Records from a dataset:
------------

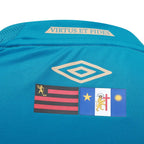 Camisa III Sport 2025/26 Masculina
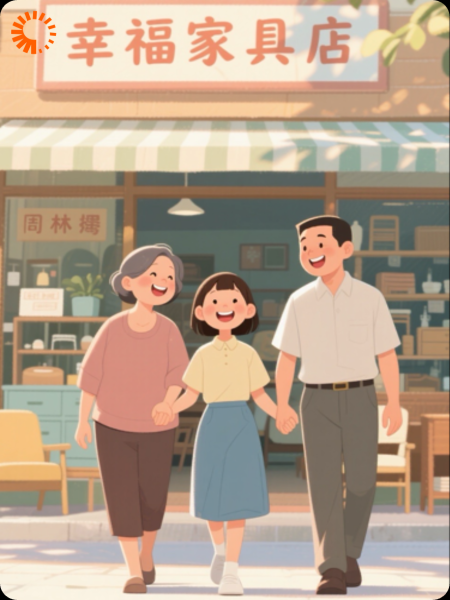 及时止损的人生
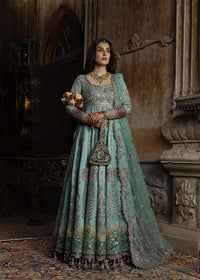 Zeenat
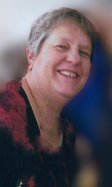 Joan Marie Bethke
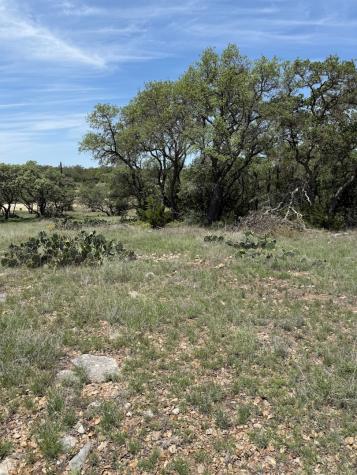 0000 Mountain Legacy Ranch Mountain Home TX 78058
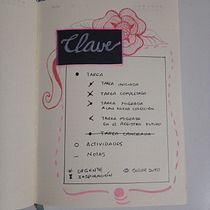 Mi Proyecto del curso:  Bullet journal creativo: planificación y creatividad . Traditional illustration, Lettering, Drawing, H, Lettering, Management, and Productivit project by Corina Graciela Sequeiros Peña - 04.07.2022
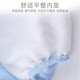 9i9 baby diapers can be washed summer mesh toilet training pants baby diapers 3 pairs of underwear ring diapers A166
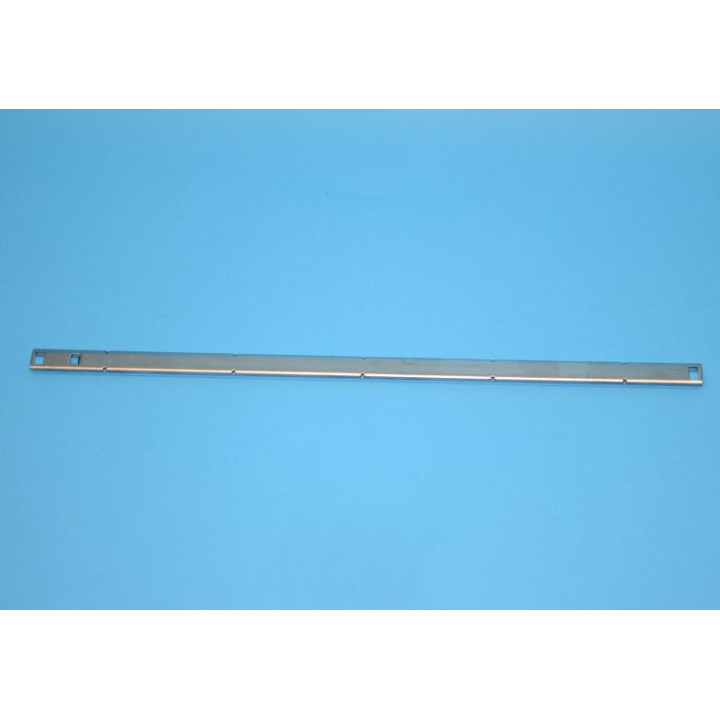 Водач кошница за съдомиялна Gorenje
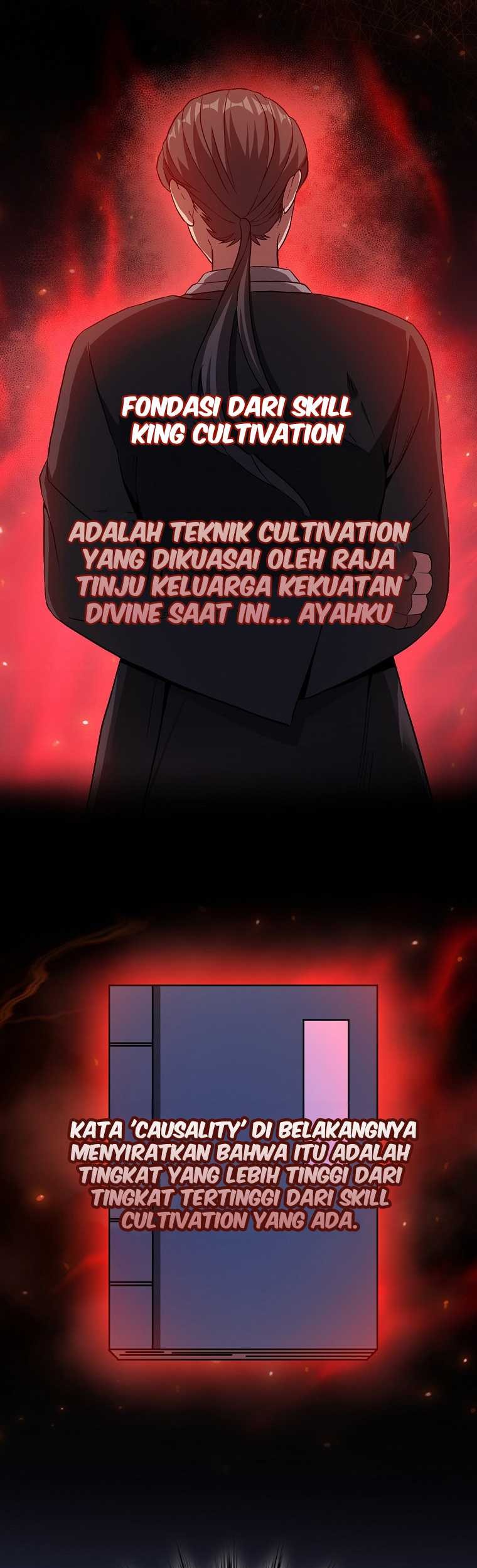 Halaman 171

------------

§ **Task brief**: Each record should be copied exactly, and each image left out.

§ **Exercise solution**:
 Camisa III Sport 2025/26 Masculina
 及时止损的人生
 Zeenat
 Joan Marie Bethke
 0000 Mountain Legacy Ranch Mountain Home TX 78058
 Mi Proyecto del curso:  Bullet journal creativo: planificación y creatividad . Traditional illustration, Lettering, Drawing, H, Lettering, Management, and Productivit project by Corina Graciela Sequeiros Peña - 04.07.2022
 9i9 baby diapers can be washed summer mesh toilet training pants baby diapers 3 pairs of underwear ring diapers A166
 Водач кошница за съдомиялна Gorenje
 Halaman 171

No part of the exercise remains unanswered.